3D printing is a type of additive manufacturing that can be used to rapidly fabricate components with highly customizable geometries, most typically using a layer-by-layer fabrication process. 3D printing is rapidly attracting growing interest from both the scientific research community and from those in manufacturing1,2 because of its potential for enabling low-cost, highly flexible, low- and mid-scale manufacturing. Thermoplastic materials, which can be melted and formed again into intended shapes, are currently one of the most commonly used materials in 3D printing. While these materials have gained widespread use in the production of prototypes, they typically lack the thermal, chemical, and mechanical stability required for use in the functional or load-bearing components required for industrial applications.2
Fiber-reinforced plastics (FRP) have recently gained attention for their potential use in 3D printing to enhance the mechanical strength and elasticity of manufactured parts.3-4 These composite materials can match the strength of many metals but at much lighter weight. In particular, the addition of carbon fibers to plastic resins is becoming a widely used strategy to enhance the mechanical properties of 3D printed parts.

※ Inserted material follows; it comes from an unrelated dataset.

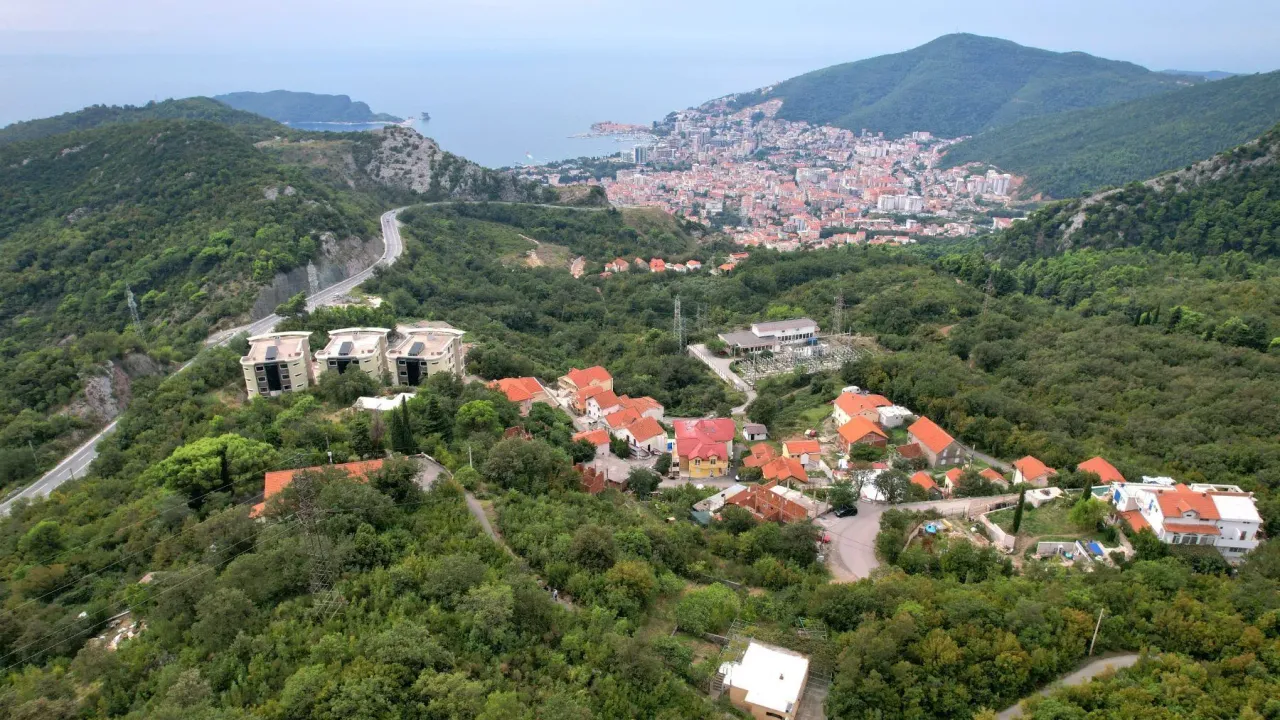 Sale, land lot, 2000m², Markovići, Budva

A number of companies are already commercializing 3D printers and printable materials dedicated to producing carbon fiber-reinforced composite parts for customers in various industries.5 Currently, 3D printed parts made out of carbon fiber-reinforced composites are used in the design and construction of race cars, drones, high performance sporting equipment, and many other applications that require lightweight but strong materials to boost product performance.5,6
Fused Deposition Modeling (FDM) and Selective Laser Sintering (SLS) are two 3D printing processes that are widely used to create functional parts using carbon fiber-reinforced materials as feedstock. FDM is a process that builds plastic parts using layer-by-layer extrusion of heated filament materials (Figure 1a).7 SLS, on the other hand, is a process to fabricate parts by building successive layers made out of laser sintered powder materials (Figure 1b).8 Depending on the processing conditions and design requirements of the finished parts, post-process treatments such as heating can be required.7
Figure 1.a) Illustration of FDM process, b) Illustration of SLS process
Depending on the design requirements of the finished products and research interests, different types of plastic resins, and carbon fibers can be selected to make composite materials suitable for 3D printing.

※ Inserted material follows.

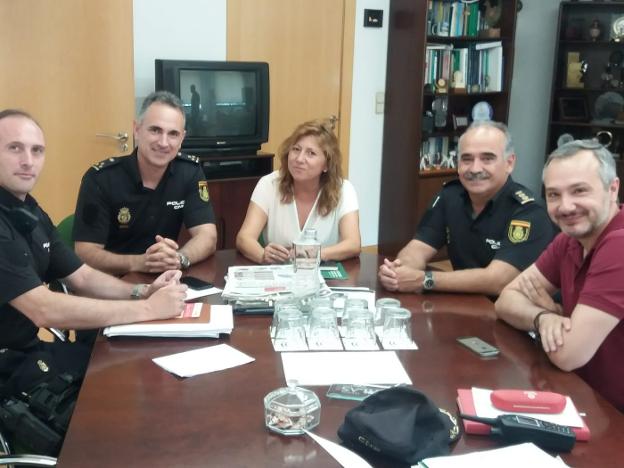 Reunión entre el comisario José Miguel Amaya y otros miembros de la Policía con la delegada Pilar Salazar.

The mechanical strength of the finished product is heavily influenced by the types of plastic resin selected, as well as the length and loading of the carbon fibers.7,8 For example, researchers have reported using carbon fibers (150 µm/ 100 µm) as reinforcing materials to improve the mechanical strength of ABS thermoplastics. The resulting composite, with 5 wt% carbon fibers, showed >20% increase in Young’s modulus and tensile strength.7
Carbon nanomaterials, such as carbon nanotubes and graphene, have unique physical and chemical properties that can enhance the tensile strength and thermal stability of plastic materials.9
To render the composite materials suitable for the FDM process, carbon fiber and plastic resin pellets are compounded in a blender/mixer to produce a mixture of carbon fiber and plastic resin. Next, the mixture is fed into an extruder to produce the filament used in the FDM process (Figure 2a).7 To prepare materials for the SLS process, carbon fiber and plastic resin materials are first dissolved in an organic solvent to make a homogeneous mixture. This solvent is then removed to precipitate out the powder, which is composed of carbon fiber and plastics. The powder is further crushed and milled before it is used in the SLS process (Figure 2b).8
Figure 2.a) Illustration of materials preparation for the FDM process, b) Illustration of materials preparation for the SLS process.